At the start of this year Andrew Haldane, the Bank of England’s chief economist, declared that the economics profession was ‘to some degree in crisis’. He highlighted its ‘Michael Fish’ moment before the 2008-9 financial crash when most economists were as off the mark as the infamous BBC weather forecaster in anticipating an impending hurricane in 1987. Haldane went on to admit – ‘a fair cop’ – that economic experts at his own Bank, as at the IMF, the OECD and the Treasury, had seen their gloomy predictions of the effects of a vote for Brexit confounded by what actually happened. The economy continuing to run along pretty much as it had before the referendum, even ticking up a little as 2016 went on.
The clarity of Haldane’s mea culpa about economists getting their predictions wrong wasn’t matched by his explanation for why. In fact he thought their models generally work well but were ‘rather narrow and rather fragile’ to cope at times of change. The solution he suggested was more data, claiming that just as weather forecasting had improved since 1987 – that’s his perception at least – so could economic forecasts learn from mistakes and improve too.
This misses the inherent defect with economic models – however much data they include – which is that they are driven solely by the assumptions that go into them, not by economic reality. Their results therefore only substantiate these prior suppositions. They are intrinsically circular in that they show what the modelers believe. They illustrate their starting premises. If these are gloomy assumptions, the estimates are gloomy, and the same applies with optimistic presumptions. Models can’t ‘prove’ anything about the future.

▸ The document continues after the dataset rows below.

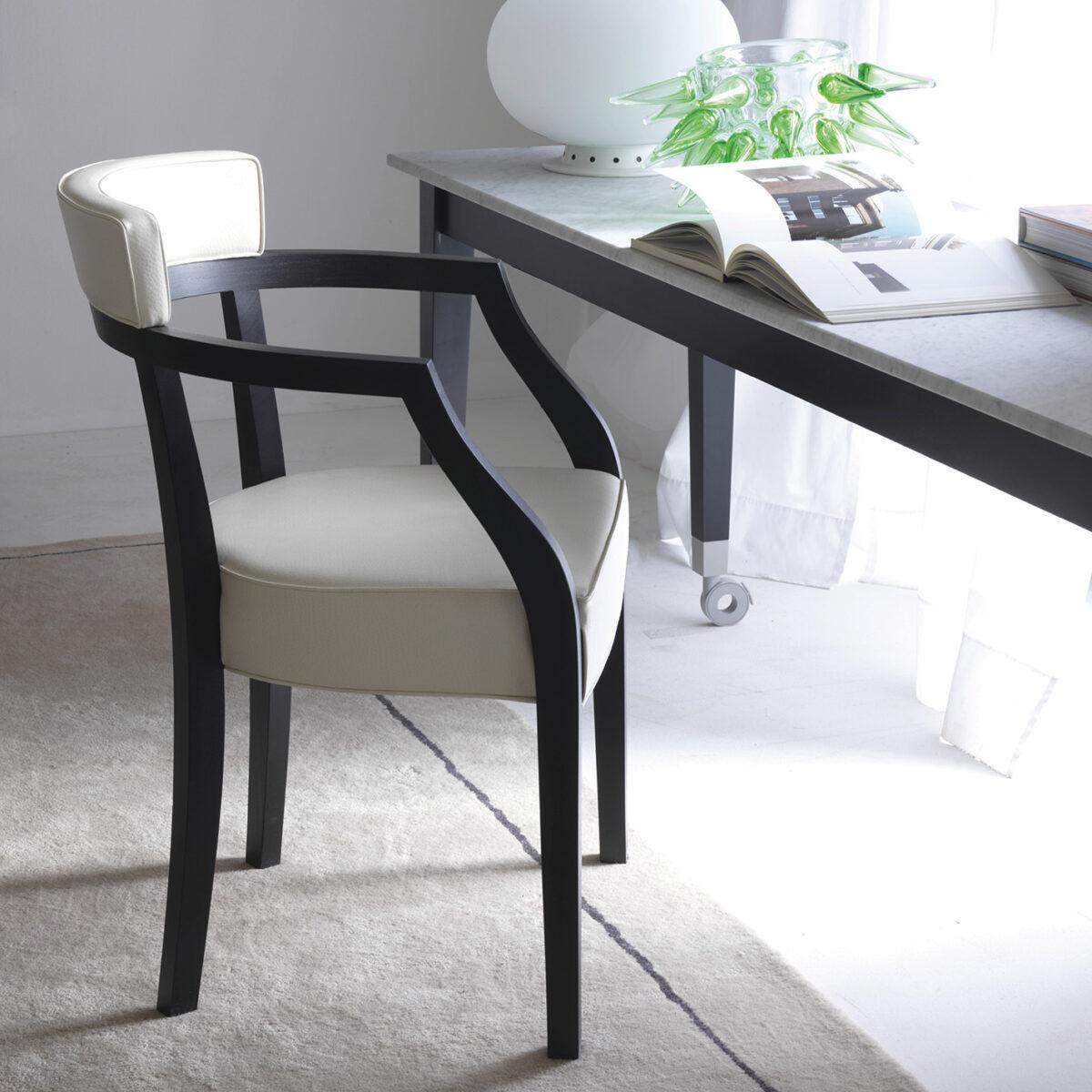 The Neoneoz chair, created by renowned designer Philippe Starck for Driade, embodies the perfect balance between innovation and tradition. This chair is an authentic expression of timeless elegance, enhanced by a pure and essential line.

The
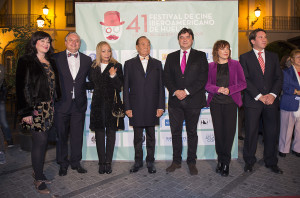 De izq a decha: Carmen Solana Delegada territorial de Cultura de la Junta de Andalucia en Huelva , Pedro Castillo Arteta Director Festival de cine Iberoamericano de Huelva , Miereia Alfonzo esposa Jose Torres, JOSE TORRES premio CIUDAD DE HUELVA , Gabriel Cruz Alcalde Huelva , Elena Tobar Teniente Alcalde de Cultura y Ruperto Gallardo Patrono Festival de cine Iberoamericano. / Foto: Alberto Díaz.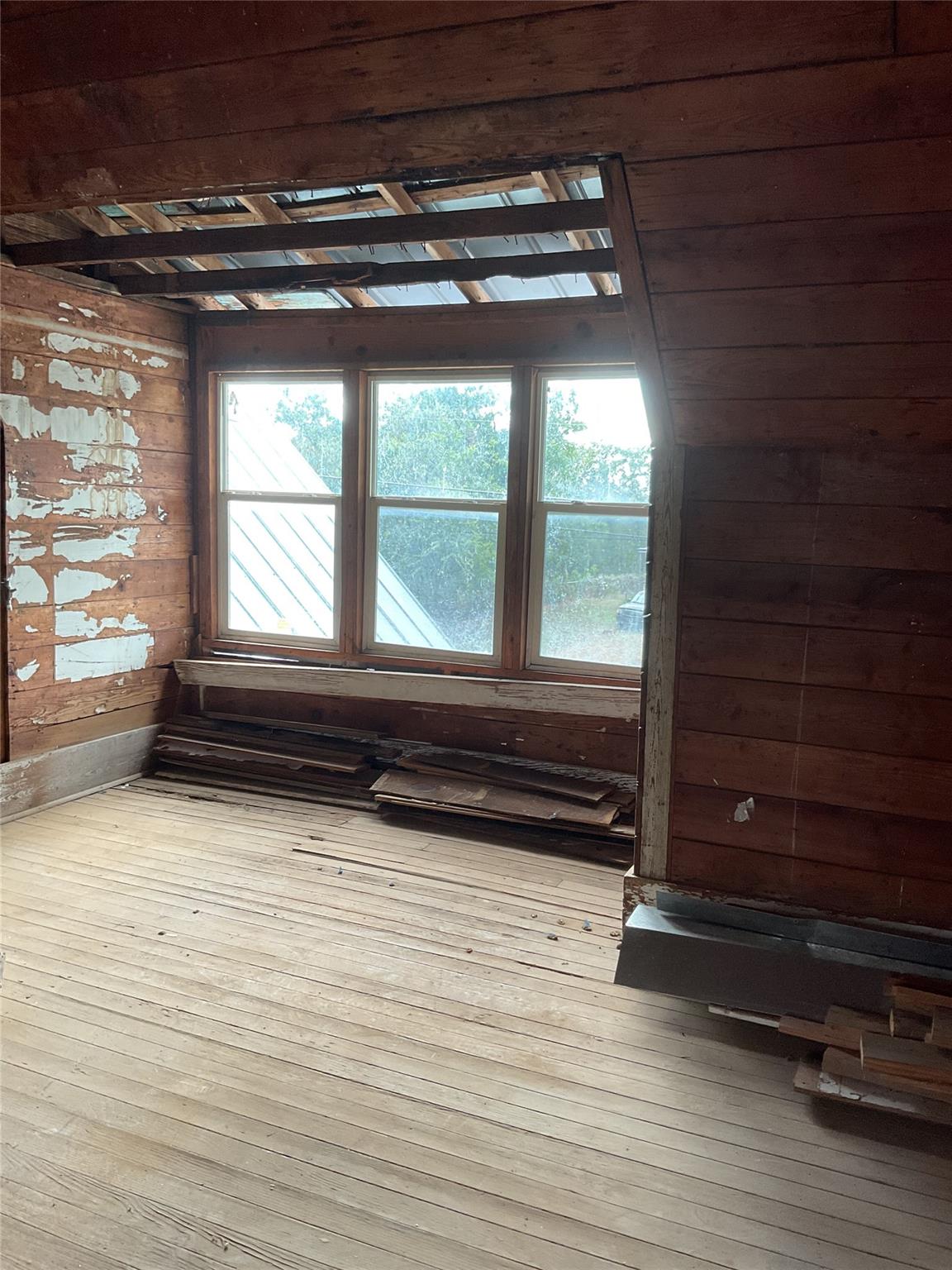 505 S Avenue C Ave, Elgin, TX 78621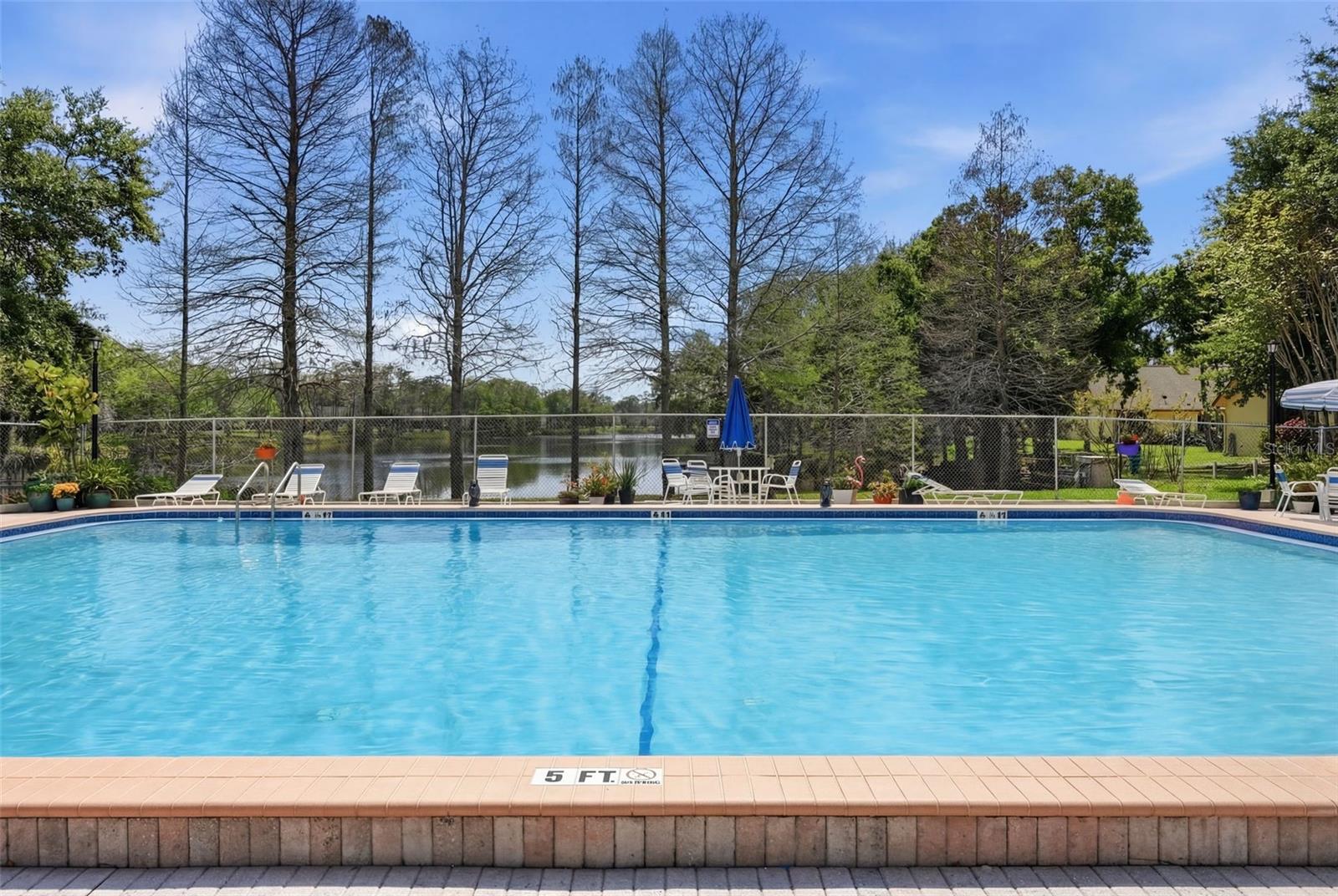 Image 37 of 39 For 2549 Oakleaf Lane 36c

For example, economists from the Centre for Business Research at the University of Cambridge explain that the model used by the Office for Budget Responsibility, the government’s official ‘independent’ forecasting body, makes certain assumptions about productive capacity. The OBR assumes labour productivity growth of about 2 percent a year. Hence ever since its creation in 2010 the OBR has been projecting a return to productivity growth of about 2 percent. Given the actual stagnation of productivity, every year this has been wrong. ‘In the OBR’s world, next year will always be better.’
This self-fulfilling defect explains Haldane’s recognition that models fail most at tipping points. They can’t explain economic change. Models extrapolate from the current presumptions. When the world deviates from these presumptions – as it tends to do, quite frequently – the models inevitably fail to predict the changes.
The official referendum models failed for similar reasons. In this instance they assumed a change that didn’t happen. Built into them was the presumption that a vote for Brexit would lead to economic activity stalling. Businesses would stop investing and people would stop spending. Hey presto, models which assumed lowered activity across the economy forecast lower economic activity. As the premise proved faulty in the months following the referendum, so the forecasts were fallacious. As Haldane noted, people hadn’t acted as their models presumed they would in the circumstances of post-vote uncertainty, by reducing their spending. In fact people carried on spending after 23 June pretty much as before.
The basic difficulty with spreadsheet forecasts is in knowing what an uncertain future will bring. This is another way of saying forecasts based on assumptions that extrapolate from present conditions can never reliably predict a future that is pregnant with change. Which rather defeats their supposed purpose. The whole concept of economic forecasting is therefore flawed.
Aware of this inherent limitation another discipline, demographers, often stress that their estimates of future population trends are projections, not forecasts. They project what will happen by rolling forward the film on present assumptions. They don’t anticipate changes or, to be more precise, they don’t anticipate changes in the rate of change. A jump in mortality rates, or a sharp fall in birth rates, will lead the actual population numbers to diverge from the ones projected. It is a shame that most economists fail to highlight the same health warning.
However, the main real world problem we face with economists today is not the intrinsic limitation of their models. Nor is it groupthink. Nor is it even the dominance of shaky and superficial theories, which at best only describe some economic phenomena but fail to explain underlying developments. The bigger contemporary problem is the enhanced role given to economists by politicians.
Increasingly since the 1980s, politicians of all stripes have outsourced their responsibilities for the economy to others, to non-elected technocrats and to various ‘experts’. For example, Haldane’s employer, the Bank of England, was in 1997 given its ‘independence’ and responsibility for running the country’s monetary policy by the New Labour government, with opposition support. Such policy had previously been a political, and therefore a democratically accountable responsibility. Ever since politicians could buck pass, as Theresa May recently did in blaming the Bank for some of the sided-effects of ultra low interest rates.
As part of this depoliticisation of economic life, politicians have deferred to professional economists for advice and making prognostications. Of course some economists are more arrogant and some are more humble about their capabilities, in forecasting and, more importantly, analytically. But when it comes to policy-making, give them a break. It is the politicians that have put the economists on a pedestal that we should be giving the tough time to. They are the ones we elect. We should not allow them to hide behind the economics profession, both for their failures in understanding what’s happening in the moribund economy, and also for their abdication from acting to revive it.